The task: From the line below containing "function_4_1500x1800" to the final line, print each line exactly as written. No pictures belong in the copy.

(Records excerpted from a collection)

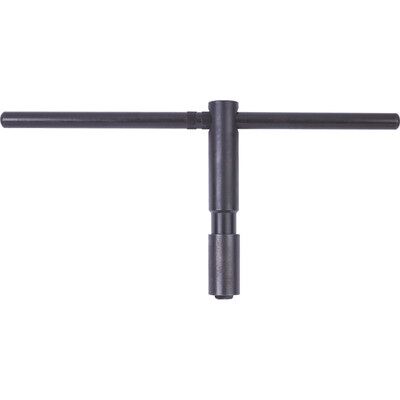 RÖHM - Sicherheitssicherungsschlüssel - M10/M12/M14 - Schraubenzieher RÖHM - Sicherheitssicherungsschlüssel - M10/M12/M14 - Schraubenzieher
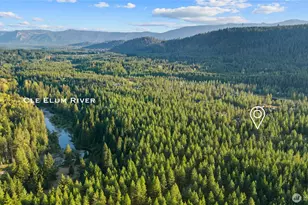 131 Gold Leaf Ln, Cle Elum, WA 98922 - Photo 33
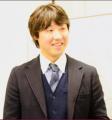 【参加無料】女性のためのマネーセミナー開催！　令和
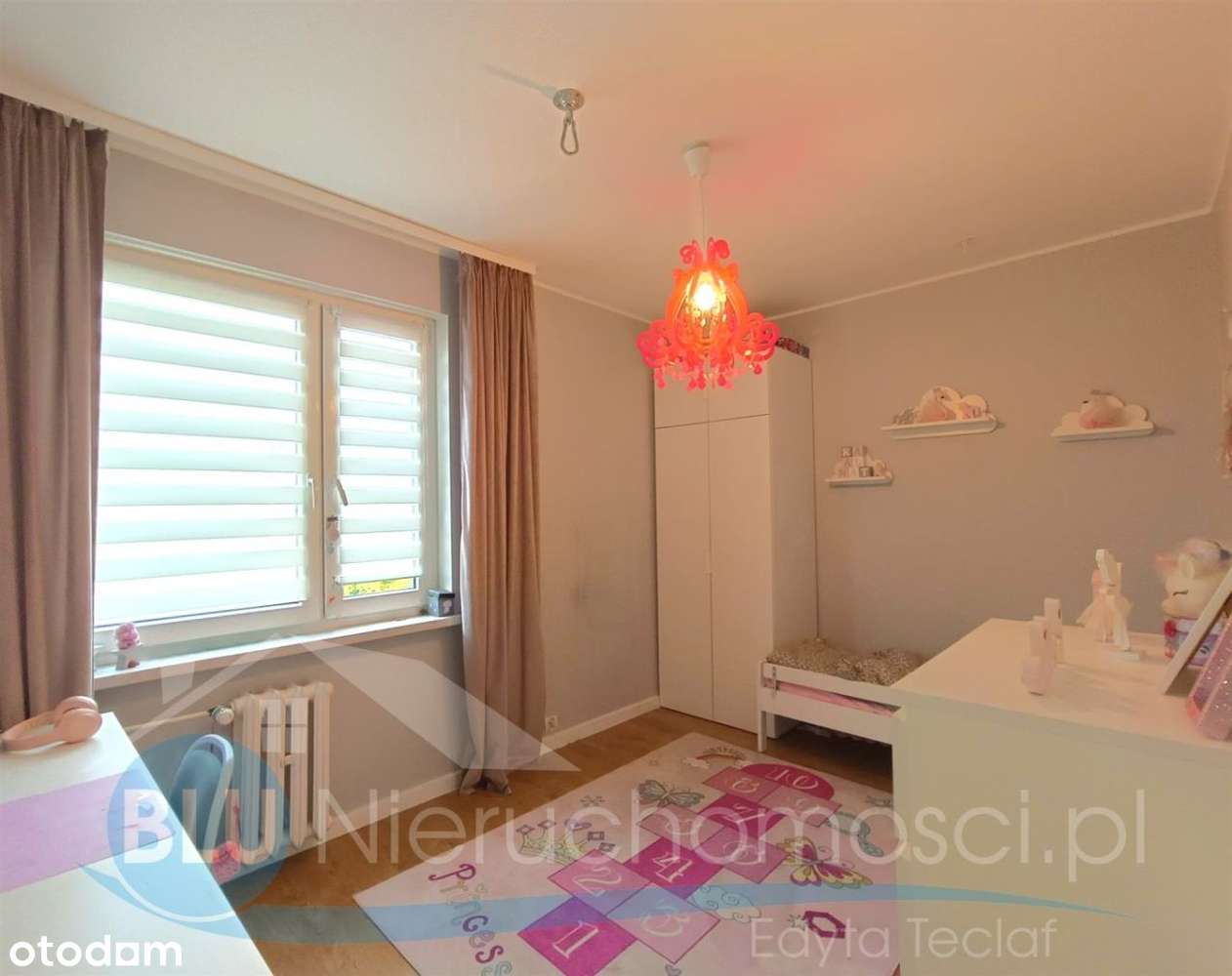 Głogów, Piastów, mieszkanie na sprzedaż-13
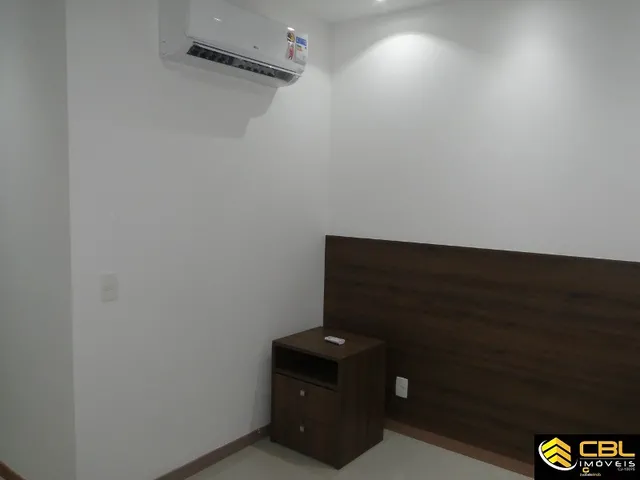 Imagem 14: CBL Imóveis aluga: SQNW 307 D, 3º andar, Ed Due Murano, lindo apartamento com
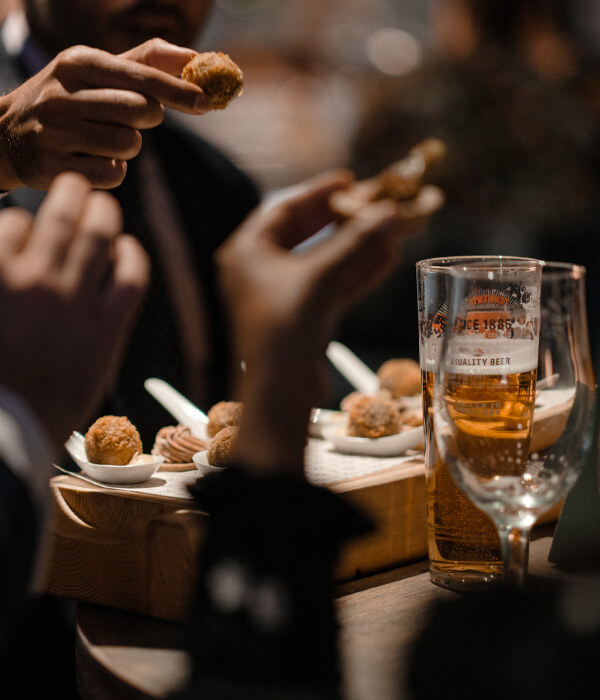 function_4_1500x1800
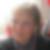 Profilbild von Anke Urban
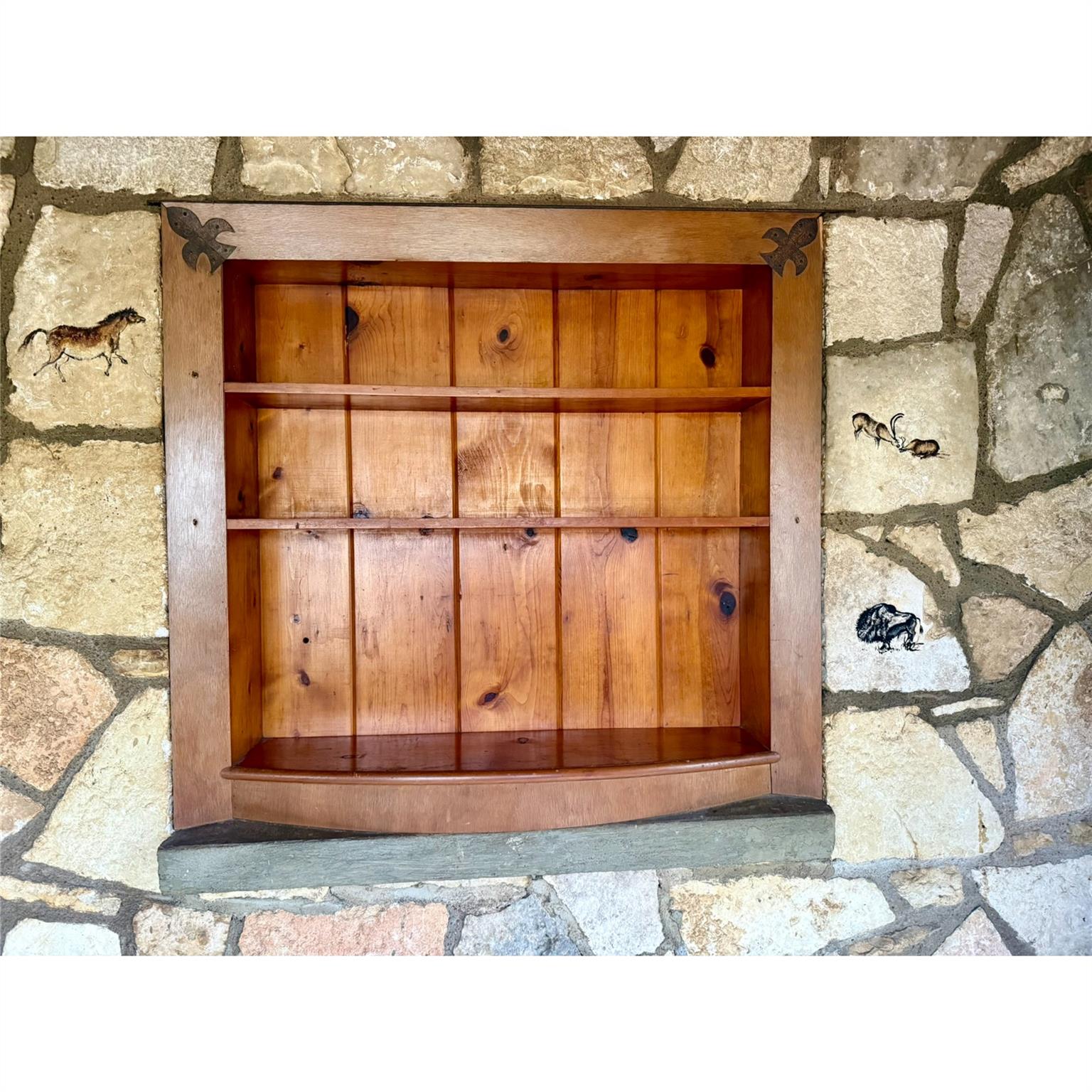 Photo 17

Output below:
 function_4_1500x1800
 Profilbild von Anke Urban
 Photo 17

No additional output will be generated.